### Task goal:
Leave the pictures out. Return the rest of the listing below exactly.

### Exercise data:

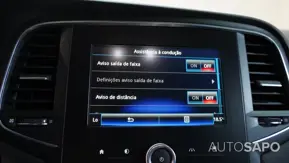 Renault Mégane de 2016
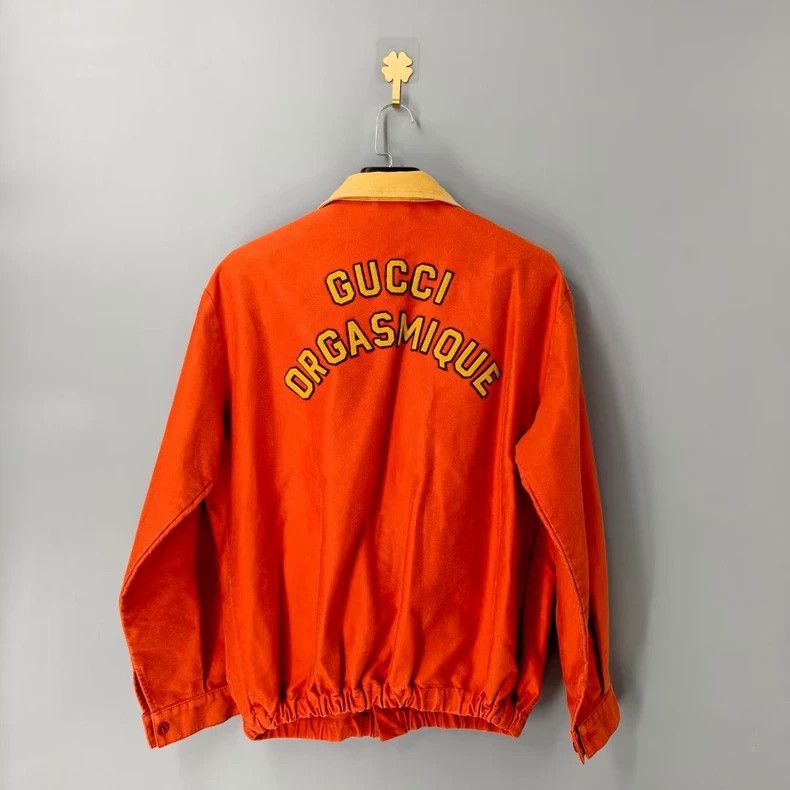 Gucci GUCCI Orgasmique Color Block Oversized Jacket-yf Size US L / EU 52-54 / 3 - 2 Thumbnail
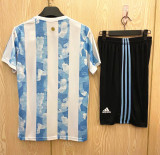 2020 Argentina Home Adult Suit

### Solution to the problem:
 Renault Mégane de 2016
 Gucci GUCCI Orgasmique Color Block Oversized Jacket-yf Size US L / EU 52-54 / 3 - 2 Thumbnail
 2020 Argentina Home Adult Suit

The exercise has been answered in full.